## About this task
Copy exactly. Include the line containing "How To Create", every line after it, and the last line below, but no pictures.

## Data provided
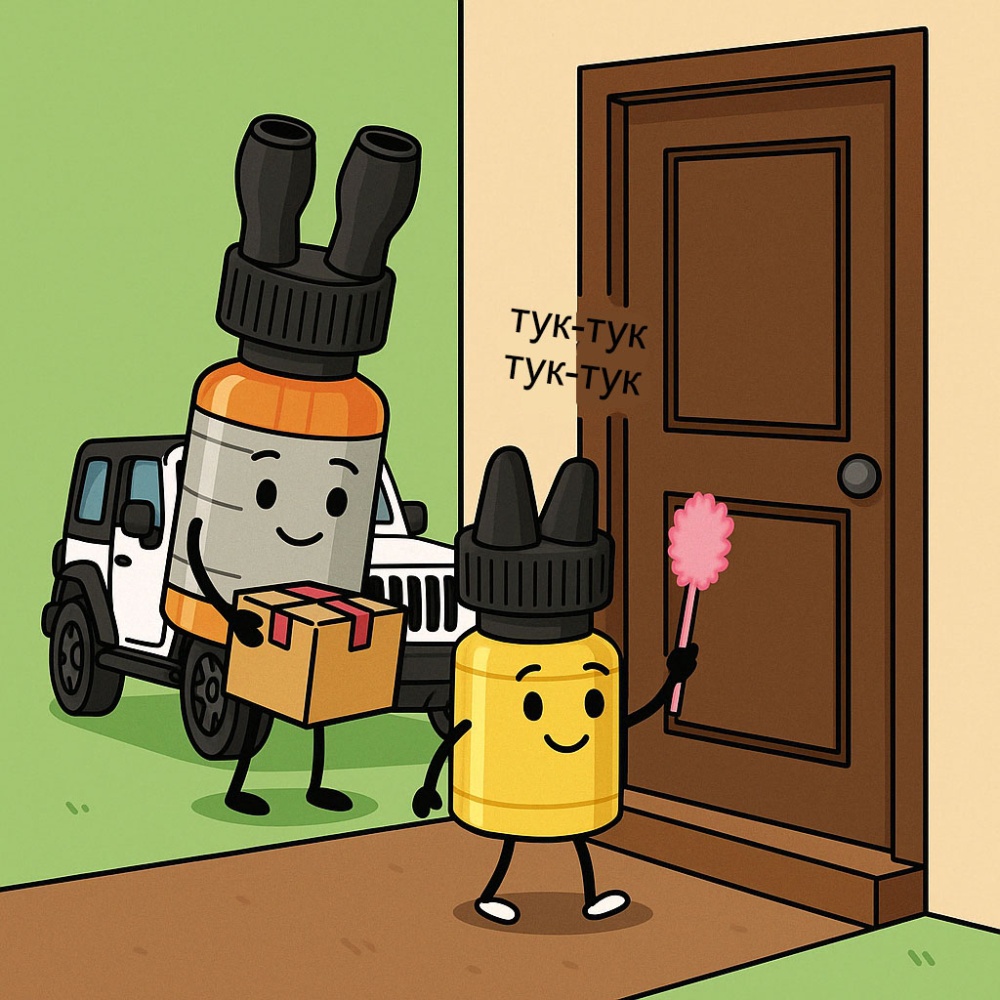 Курьерская доставка попперс в Кемерово Курьерская доставка попперс в Кемерово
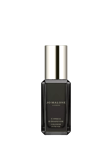 Jo Malone London Cypress & Grapevine Cologne Intense, 9ml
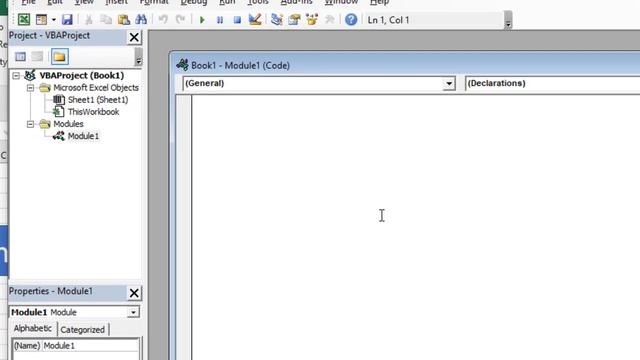 How To Create A Button To Unhide Hidden Columns Subsequently In Excel смотреть онлайн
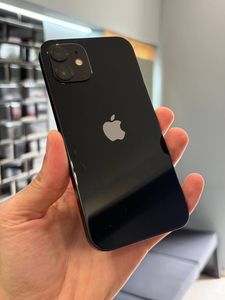 iPhone 12 за 4 999 грн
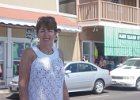 e Maui (21)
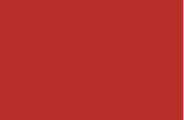 Color Safety Red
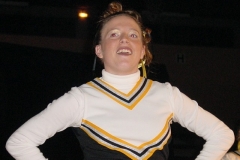 dsc00064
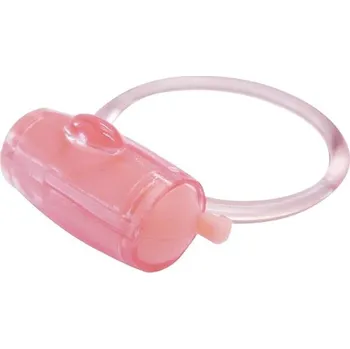 Pasante Vibrační kroužek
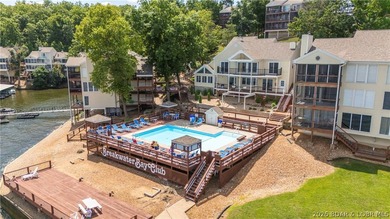 Enjoy lake front living at this multi-level and spacious 1,758 - photo 32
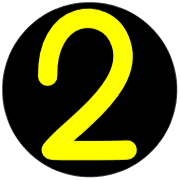 032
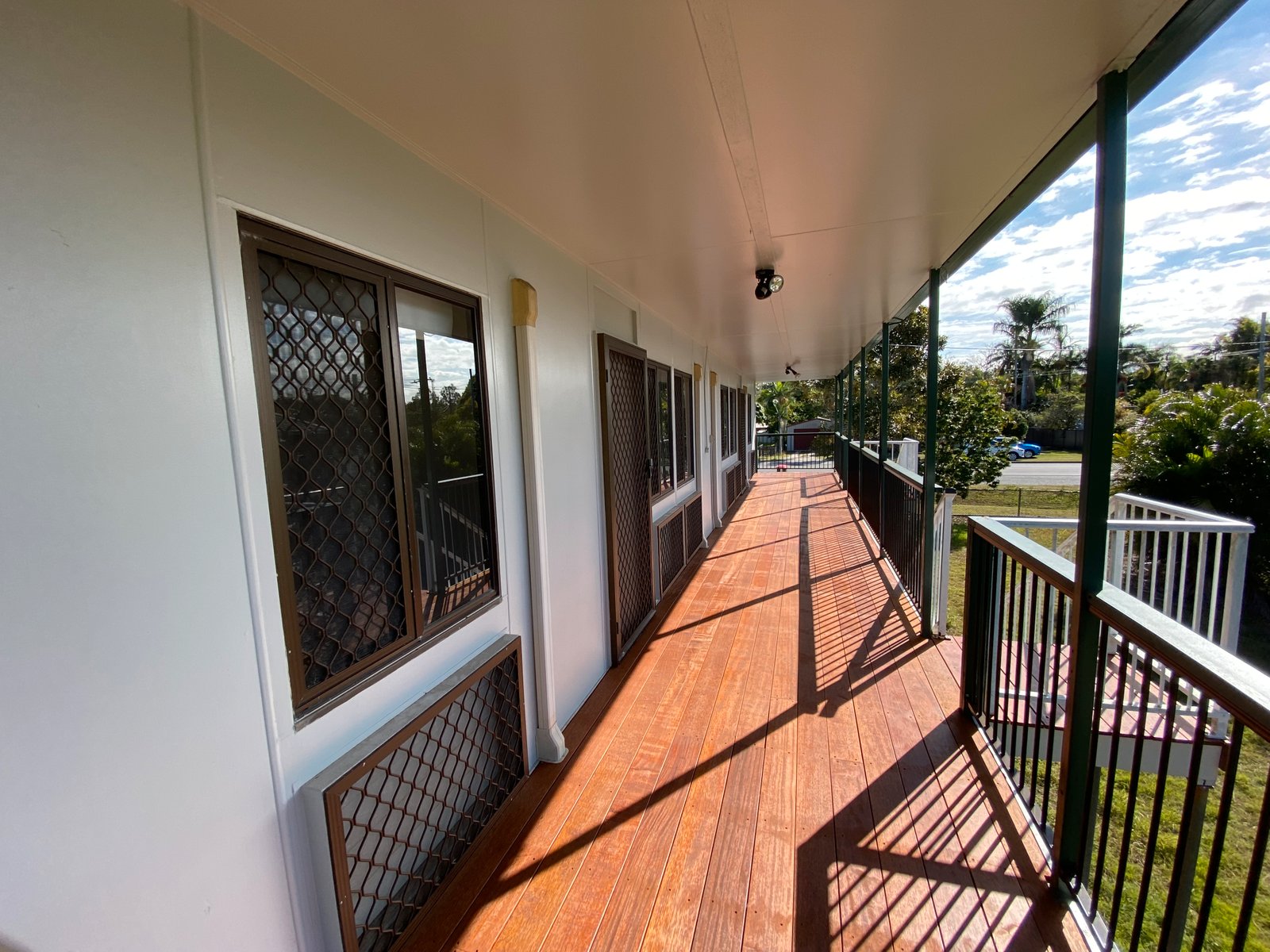 67 ROE Street MIRIAM VALE 5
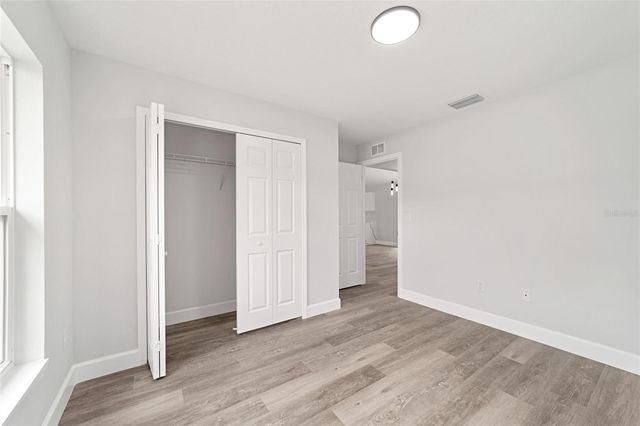 15919 SW 38TH STREET ROAD, Ocala, FL 34481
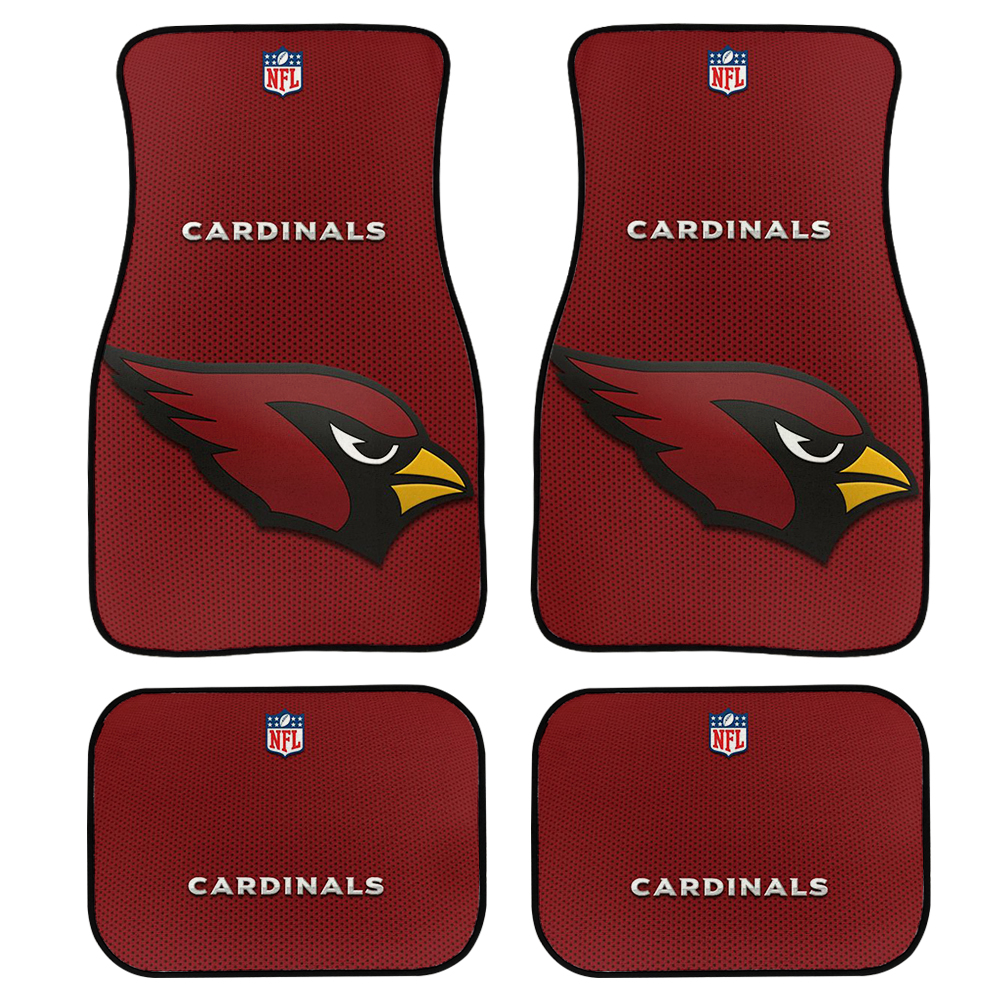 Arizona20Cardinals TIN20.jpg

## Answer to the problem
 How To Create A Button To Unhide Hidden Columns Subsequently In Excel смотреть онлайн
 iPhone 12 за 4 999 грн
 e Maui (21)
 Color Safety Red
 dsc00064
 Pasante Vibrační kroužek
 Enjoy lake front living at this multi-level and spacious 1,758 - photo 32
 032
 67 ROE Street MIRIAM VALE 5
 15919 SW 38TH STREET ROAD, Ocala, FL 34481
 Arizona20Cardinals TIN20.jpg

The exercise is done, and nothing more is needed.